Seabury had many thousands of clients when he was practicing in New York. In his work with them he found that there were certain basic characteristics which each one possessed, according to his emotional drive. The latter fell into four large groupings, based on the four instinctual drives of attraction, curiosity, pugnacity and flight. In man, these instincts are sublimated.
Attraction or sex, the instinct of creation and nurture, produces the physical infant; in its sublimated form, it produces the brain child, the book, the work of art, the invention, the new in any field.
The drive of curiosity becomes wonder, the urge to know why, what, how and when, but particularly why. People of this type are especially interested in the meaning of what happens, rather than the simple fact.
The pugnacity instinct becomes rage, the constructive urge, the drive to change things. It finds its outlet in building, in various branches of engineering, and so forth.
The instinct of flight takes the form of caution, foresight. It looks ahead, it conserves, it senses values. It takes care of things and people.
So Seabury calls the four basic emotional drives Sex, Wonder, Rage and Fear. Everyone has all four of them, but one is accented in each individual.
Seabury also found that everyone has a secondary drive which modifies the first. For example, in every Sex type person, the creative drive is modified by wonder, rage or fear. Therefore he calls them respectively Sex-wonder, Sex-rage and Sex-fear.
In the Sex-wonder type, the wonder deepens the creativity, tending to send it into more philosophic areas.
In Sex-rage, the rage, the urge to do, drives the creativity on to fulfillment.
In Sex-fear, the caution tends to retard the creativity, to keep it from believing that it is creative.

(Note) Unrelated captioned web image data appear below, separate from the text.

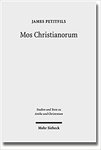 Mos Christianorum : the Roman discourse of exemplarity and the Jewish and Christian language of leadership by James Petitfils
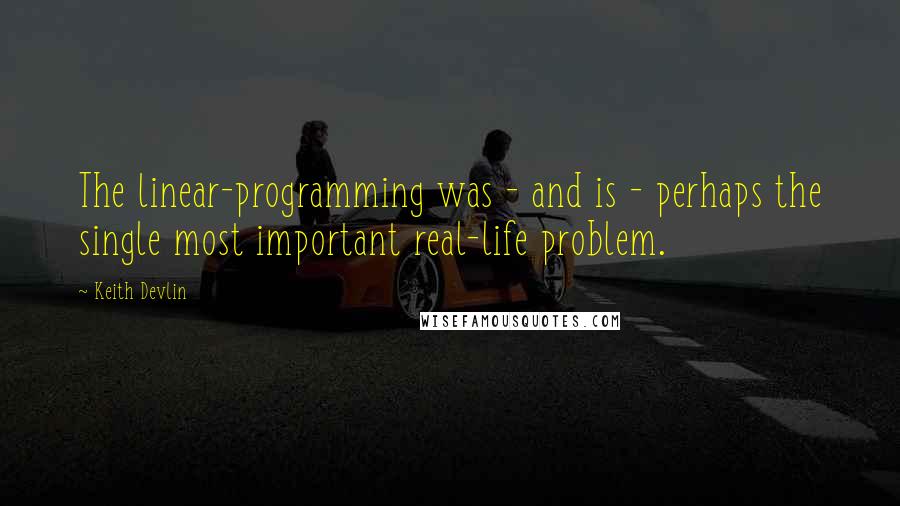 Keith Devlin Quotes: The linear-programming was - and is - perhaps the single most important real-life problem.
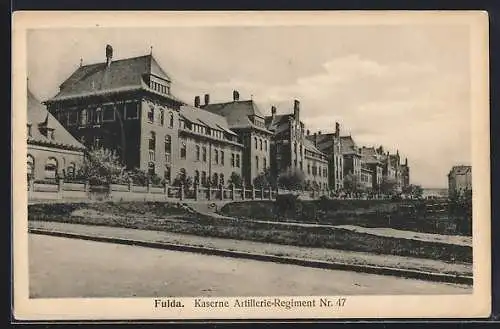 AK Fulda, Kaserne Artillerie-Regiment Nr. 47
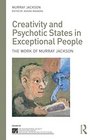 Creativity and Psychotic States in Exceptional People The work of Murray Jackson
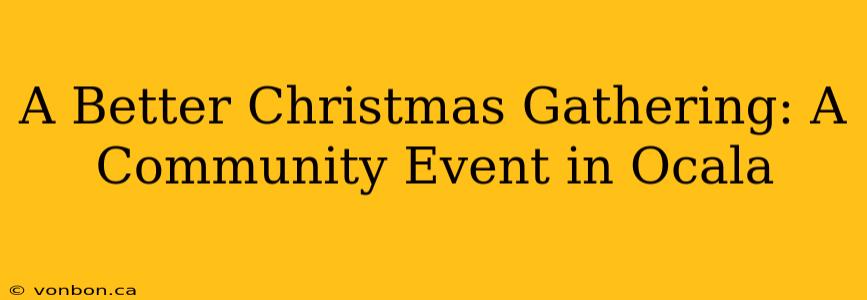 A Better Christmas Gathering: A Community Event in Ocala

Thus each primary drive is modified by one of the other three, giving us Wonder-sex, Wonder-rage, Wonder-fear;
Rage-sex, Rage-wonder, Rage-fear;
Fear-sex, Fear-wonder, Fear-rage.
These are all described at length in succeeding chapters.
No one drive is more important than any other. Each has its particular work to do in the world, work for which it is especially designed. When functioning properly, each one cooperates with the others. The creative, sex drive gets the idea out of the blue; the wonder drive interprets it, forms the blueprint; the rage drive builds according to the blueprint, the fear drive raises the necessary cash, insures the creation, and in general takes over and sells the finished product.

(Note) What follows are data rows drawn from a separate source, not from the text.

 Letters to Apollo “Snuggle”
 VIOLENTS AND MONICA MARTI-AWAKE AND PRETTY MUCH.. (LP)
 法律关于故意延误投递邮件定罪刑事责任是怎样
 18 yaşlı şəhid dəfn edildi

You have one of these drives accented, and you will recognize your basic type in the description of it. There are tests, too, which will help you to pinpoint your type. When you know it, you will know where to put your efforts. You will know, too, why you have not been satisfied with your life up to now. You will know why you have felt instant rapport with some people and not with others.
In Dr. Seabury’s work and in my own, I have seen over and over again the exhilarating effect of applying this knowledge of the types to individual cases. A man will enter the consulting room looking despondent and un-happy, his face a mask of gloom. He isn’t satisfied with his work or with his life. Nothing gives him happiness.

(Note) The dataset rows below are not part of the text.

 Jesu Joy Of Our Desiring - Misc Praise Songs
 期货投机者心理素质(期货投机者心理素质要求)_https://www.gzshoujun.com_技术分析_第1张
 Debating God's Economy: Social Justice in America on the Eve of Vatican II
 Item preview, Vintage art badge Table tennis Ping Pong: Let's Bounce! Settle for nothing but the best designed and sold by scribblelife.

First I find out what his type is. When I know that, I can give him a picture of what his native capacities are, the kind of life to which he is best suited.
He has undoubtedly thought himself a failure. And he has been, because he’s been trying to do something for which he wasn’t fitted. He didn’t know himself.
As I describe the man he really is, his face lights up. He grows excited about the possibilities opening up before him. Hope springs within him, and he leaves the office with head up, firm step, and a smile. The new picture he has of himself is stimulating and inspiring.
You, too, can have this experience. The reward which the knowledge of the types offers is a new view of yourself, and I can promise you that you will like what you see.